• [YOUR OBJECTIVE]:
How many lines of the data include the string "together"? State that number alone.

• [EXERCISE MATERIALS]:
%%
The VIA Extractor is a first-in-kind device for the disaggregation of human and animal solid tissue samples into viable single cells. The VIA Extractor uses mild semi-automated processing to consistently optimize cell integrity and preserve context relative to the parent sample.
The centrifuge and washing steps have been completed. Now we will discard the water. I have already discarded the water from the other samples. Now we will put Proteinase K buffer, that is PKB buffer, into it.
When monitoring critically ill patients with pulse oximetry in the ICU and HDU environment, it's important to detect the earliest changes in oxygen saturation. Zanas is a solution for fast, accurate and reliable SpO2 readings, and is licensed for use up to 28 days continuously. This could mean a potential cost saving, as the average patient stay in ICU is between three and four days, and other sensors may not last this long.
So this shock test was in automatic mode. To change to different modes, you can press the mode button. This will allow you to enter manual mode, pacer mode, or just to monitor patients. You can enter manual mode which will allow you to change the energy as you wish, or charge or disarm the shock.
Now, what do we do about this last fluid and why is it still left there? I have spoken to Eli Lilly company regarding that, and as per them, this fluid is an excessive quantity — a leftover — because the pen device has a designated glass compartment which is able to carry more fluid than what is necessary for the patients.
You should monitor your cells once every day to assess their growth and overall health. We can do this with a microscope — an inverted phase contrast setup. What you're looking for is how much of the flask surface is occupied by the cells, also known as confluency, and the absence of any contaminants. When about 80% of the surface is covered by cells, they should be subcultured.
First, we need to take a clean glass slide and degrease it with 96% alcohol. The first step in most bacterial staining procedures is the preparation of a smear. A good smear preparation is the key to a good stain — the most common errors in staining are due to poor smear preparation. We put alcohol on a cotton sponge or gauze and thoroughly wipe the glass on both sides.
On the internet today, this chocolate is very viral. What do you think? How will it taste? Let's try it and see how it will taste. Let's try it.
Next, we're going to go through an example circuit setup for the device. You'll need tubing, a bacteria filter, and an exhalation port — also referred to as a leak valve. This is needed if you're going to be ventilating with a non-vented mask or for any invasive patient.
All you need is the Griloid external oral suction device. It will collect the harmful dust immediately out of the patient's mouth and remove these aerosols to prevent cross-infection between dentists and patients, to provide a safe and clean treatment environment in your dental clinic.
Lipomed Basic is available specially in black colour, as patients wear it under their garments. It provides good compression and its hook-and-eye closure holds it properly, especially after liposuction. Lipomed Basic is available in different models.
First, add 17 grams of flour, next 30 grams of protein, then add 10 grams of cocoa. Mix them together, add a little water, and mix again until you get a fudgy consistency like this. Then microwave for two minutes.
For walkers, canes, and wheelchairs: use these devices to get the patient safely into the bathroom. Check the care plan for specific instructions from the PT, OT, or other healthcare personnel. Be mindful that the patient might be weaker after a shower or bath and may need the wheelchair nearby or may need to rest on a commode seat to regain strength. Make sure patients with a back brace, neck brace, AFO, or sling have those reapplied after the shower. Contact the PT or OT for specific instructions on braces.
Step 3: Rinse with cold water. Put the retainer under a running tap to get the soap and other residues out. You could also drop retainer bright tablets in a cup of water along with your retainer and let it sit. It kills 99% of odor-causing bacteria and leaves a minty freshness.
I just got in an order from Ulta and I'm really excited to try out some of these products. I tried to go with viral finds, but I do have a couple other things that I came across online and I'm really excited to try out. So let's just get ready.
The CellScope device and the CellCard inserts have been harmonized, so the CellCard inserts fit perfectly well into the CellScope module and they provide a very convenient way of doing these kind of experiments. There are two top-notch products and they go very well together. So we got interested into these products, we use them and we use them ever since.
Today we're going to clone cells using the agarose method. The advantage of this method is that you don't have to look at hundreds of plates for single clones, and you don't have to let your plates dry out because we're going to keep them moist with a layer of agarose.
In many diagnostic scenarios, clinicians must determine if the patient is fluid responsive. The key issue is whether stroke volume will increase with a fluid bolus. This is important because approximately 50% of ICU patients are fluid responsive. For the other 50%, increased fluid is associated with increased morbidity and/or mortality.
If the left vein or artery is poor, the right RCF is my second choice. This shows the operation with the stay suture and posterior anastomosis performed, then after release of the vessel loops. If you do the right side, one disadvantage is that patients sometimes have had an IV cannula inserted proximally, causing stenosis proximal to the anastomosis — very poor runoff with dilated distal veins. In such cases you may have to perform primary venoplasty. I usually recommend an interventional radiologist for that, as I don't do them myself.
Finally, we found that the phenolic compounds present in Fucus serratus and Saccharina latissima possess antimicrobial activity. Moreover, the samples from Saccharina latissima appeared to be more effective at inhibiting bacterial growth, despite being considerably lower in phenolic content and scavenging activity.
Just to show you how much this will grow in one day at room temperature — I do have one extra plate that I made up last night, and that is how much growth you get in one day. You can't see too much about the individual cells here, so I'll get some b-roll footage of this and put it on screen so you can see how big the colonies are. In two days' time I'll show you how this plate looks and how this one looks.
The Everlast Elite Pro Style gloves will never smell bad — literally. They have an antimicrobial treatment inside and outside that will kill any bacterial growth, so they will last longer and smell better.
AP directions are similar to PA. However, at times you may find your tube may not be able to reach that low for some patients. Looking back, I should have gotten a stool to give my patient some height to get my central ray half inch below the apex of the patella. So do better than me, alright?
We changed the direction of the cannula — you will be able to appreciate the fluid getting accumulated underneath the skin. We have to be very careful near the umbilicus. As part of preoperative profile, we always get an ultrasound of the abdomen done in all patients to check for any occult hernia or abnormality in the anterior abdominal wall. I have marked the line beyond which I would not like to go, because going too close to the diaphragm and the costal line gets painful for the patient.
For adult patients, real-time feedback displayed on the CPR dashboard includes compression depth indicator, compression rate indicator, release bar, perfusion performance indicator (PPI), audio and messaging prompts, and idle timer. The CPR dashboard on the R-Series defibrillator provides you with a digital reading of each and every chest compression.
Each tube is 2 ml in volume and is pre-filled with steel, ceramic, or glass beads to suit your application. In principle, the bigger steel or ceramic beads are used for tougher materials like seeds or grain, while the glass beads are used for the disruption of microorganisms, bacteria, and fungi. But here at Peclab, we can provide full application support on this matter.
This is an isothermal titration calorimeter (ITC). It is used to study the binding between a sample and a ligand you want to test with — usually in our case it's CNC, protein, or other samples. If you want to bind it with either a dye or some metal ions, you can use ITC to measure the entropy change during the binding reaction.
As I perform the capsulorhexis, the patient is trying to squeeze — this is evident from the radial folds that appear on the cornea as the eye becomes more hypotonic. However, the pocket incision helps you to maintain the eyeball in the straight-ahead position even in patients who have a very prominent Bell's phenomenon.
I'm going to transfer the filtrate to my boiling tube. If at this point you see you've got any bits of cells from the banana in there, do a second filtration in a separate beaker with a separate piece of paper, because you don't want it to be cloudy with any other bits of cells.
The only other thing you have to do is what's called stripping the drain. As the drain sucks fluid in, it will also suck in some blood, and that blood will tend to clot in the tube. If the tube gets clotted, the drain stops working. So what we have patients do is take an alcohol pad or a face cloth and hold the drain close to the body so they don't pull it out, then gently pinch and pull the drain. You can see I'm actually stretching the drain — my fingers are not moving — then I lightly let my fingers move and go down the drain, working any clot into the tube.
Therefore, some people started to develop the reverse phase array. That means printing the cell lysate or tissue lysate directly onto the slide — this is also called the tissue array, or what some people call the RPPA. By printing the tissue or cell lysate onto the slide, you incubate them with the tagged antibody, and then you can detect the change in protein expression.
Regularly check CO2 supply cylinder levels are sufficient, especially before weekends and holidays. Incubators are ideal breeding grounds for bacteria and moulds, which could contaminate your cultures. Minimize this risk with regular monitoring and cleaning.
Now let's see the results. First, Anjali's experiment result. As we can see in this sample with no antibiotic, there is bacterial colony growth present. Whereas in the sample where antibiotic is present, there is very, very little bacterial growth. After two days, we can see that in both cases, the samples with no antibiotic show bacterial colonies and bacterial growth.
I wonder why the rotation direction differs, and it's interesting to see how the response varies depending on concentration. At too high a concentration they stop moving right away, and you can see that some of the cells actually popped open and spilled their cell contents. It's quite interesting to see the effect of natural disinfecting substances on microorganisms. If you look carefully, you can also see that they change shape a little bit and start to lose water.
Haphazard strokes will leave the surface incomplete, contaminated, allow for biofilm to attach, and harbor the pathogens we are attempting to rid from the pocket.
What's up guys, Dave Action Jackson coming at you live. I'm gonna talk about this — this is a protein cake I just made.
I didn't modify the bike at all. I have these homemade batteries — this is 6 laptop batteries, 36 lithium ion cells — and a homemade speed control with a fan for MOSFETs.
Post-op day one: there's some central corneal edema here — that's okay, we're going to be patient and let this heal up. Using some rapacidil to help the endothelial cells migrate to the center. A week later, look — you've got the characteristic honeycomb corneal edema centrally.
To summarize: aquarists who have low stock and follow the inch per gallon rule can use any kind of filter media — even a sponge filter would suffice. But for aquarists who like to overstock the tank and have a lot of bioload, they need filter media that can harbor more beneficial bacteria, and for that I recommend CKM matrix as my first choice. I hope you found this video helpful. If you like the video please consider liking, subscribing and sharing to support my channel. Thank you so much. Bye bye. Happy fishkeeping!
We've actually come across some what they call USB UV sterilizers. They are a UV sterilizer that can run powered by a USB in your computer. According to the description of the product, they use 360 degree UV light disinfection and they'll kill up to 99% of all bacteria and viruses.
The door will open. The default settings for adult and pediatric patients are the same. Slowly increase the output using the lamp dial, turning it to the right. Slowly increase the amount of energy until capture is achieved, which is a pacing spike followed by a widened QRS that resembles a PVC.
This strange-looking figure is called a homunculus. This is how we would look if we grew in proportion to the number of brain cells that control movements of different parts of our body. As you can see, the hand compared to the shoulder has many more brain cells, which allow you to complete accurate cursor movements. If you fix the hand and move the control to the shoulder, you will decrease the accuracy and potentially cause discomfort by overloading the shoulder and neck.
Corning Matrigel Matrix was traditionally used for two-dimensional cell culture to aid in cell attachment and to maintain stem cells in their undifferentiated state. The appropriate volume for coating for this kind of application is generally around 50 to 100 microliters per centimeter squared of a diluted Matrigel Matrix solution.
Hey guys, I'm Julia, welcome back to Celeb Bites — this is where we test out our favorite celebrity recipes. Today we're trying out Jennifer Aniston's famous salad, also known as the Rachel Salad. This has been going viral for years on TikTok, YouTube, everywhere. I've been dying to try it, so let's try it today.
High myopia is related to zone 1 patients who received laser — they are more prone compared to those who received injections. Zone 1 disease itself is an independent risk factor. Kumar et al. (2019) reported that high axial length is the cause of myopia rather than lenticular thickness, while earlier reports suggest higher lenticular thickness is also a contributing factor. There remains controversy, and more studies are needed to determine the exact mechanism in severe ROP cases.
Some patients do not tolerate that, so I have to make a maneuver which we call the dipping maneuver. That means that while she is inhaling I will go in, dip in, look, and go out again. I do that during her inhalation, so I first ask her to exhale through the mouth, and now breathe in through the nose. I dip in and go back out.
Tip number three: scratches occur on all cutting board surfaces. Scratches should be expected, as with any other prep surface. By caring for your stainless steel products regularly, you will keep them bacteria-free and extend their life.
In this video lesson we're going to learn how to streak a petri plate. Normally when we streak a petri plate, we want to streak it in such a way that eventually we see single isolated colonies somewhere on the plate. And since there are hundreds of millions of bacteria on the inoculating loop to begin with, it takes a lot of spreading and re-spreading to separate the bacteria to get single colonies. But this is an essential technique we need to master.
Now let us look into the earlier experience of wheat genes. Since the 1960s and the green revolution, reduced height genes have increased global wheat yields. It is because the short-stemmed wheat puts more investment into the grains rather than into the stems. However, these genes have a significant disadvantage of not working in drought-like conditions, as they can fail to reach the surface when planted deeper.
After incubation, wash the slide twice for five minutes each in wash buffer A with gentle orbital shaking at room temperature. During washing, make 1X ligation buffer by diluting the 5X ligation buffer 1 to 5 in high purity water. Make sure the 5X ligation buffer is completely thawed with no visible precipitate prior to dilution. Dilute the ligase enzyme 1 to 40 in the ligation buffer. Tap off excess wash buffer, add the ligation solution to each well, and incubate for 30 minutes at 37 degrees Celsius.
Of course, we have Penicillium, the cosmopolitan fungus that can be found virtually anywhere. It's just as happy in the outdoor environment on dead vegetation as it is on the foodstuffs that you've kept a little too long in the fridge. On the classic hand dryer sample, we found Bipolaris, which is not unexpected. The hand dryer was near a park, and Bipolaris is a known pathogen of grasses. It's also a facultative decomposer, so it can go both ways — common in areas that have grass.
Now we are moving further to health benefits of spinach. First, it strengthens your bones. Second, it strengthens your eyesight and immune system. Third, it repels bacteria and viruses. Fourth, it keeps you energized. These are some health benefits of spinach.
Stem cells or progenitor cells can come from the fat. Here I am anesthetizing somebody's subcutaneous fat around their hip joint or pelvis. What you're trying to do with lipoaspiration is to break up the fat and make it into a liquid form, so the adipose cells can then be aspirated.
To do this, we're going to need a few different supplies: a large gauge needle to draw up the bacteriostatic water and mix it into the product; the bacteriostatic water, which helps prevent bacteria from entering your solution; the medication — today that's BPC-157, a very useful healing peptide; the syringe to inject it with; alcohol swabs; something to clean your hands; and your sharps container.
%%
• [SOLUTION TO THE EXERCISE]:
2